Before creating the visuals, I seperate H.C. Andersen’s text by sentiment values and then arranged them in descending order, limiting the results to only 5.
books_pos <- books_sentiment %>%
filter(sentiment=="positive") %>%
arrange(desc(n)) %>%
head(5)
books_neg <- books_sentiment %>%
filter(sentiment == "negative") %>%
arrange(desc(n)) %>%
head(5)
top_five <- bind_rows(books_pos, books_neg)
An interesting observation is that, with the exception of the lower two variables, the top 3 books that contain negative works also appears in the same order for containing the most positive words.
ggplot(top_five,mapping = aes(x = reorder(book, desc(n)), y = n)) +
geom_col() +
facet_grid(~sentiment,scales = "free") +
theme(axis.text.x = element_text(size = 6))
The amount of total negative words in the author’s collection exceeds the total positive words found.
Lex_DictionaryGI %>%
count(sentiment)
## sentiment n
## 1 negative 2005
## 2 positive 1637
Looking at the most frequent words that appeared in the text as well as it’s paired sentiment value, I was suprised by some of the labeling such as “stood” being assigned as positive, and “hand” as negative. I’m interested about the context in which the words appear. That likely played an impact in their sentiment assignment.
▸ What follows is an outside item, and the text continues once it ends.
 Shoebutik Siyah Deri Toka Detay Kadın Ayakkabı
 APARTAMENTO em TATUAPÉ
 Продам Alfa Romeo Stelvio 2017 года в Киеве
dictGI_count <- tidy_hcane %>%
inner_join(Lex_DictionaryGI) %>%
count(word, sentiment, sort = TRUE) %>%
ungroup()
## Joining, by = "word"
dictGI_count
## # A tibble: 1,654 x 3
## word sentiment n
## <chr> <chr> <int>
## 1 stood positive 532
## 2 home positive 435
## 3 heart positive 355
## 4 lay negative 347
## 5 poor negative 336
## 6 hand negative 285
## 7 hand positive 285
## 8 light positive 257
## 9 round positive 250
## 10 dead negative 243
## # ... with 1,644 more rows
We can see in the visuals, that despite negative words appearing more frequently in the text, a positive word (“stood”) appear the most, when comparing both sentiments.
dictGI_count %>%
group_by(sentiment) %>%
slice_max(n, n = 10) %>%
ungroup() %>%
mutate(word = reorder(word, n)) %>%
ggplot(aes(n, word, fill = sentiment)) +
geom_col(show.legend = FALSE) +
facet_wrap(~sentiment, scales = "free_y") +
labs(x = "Sentiment Analysis",
y = NULL)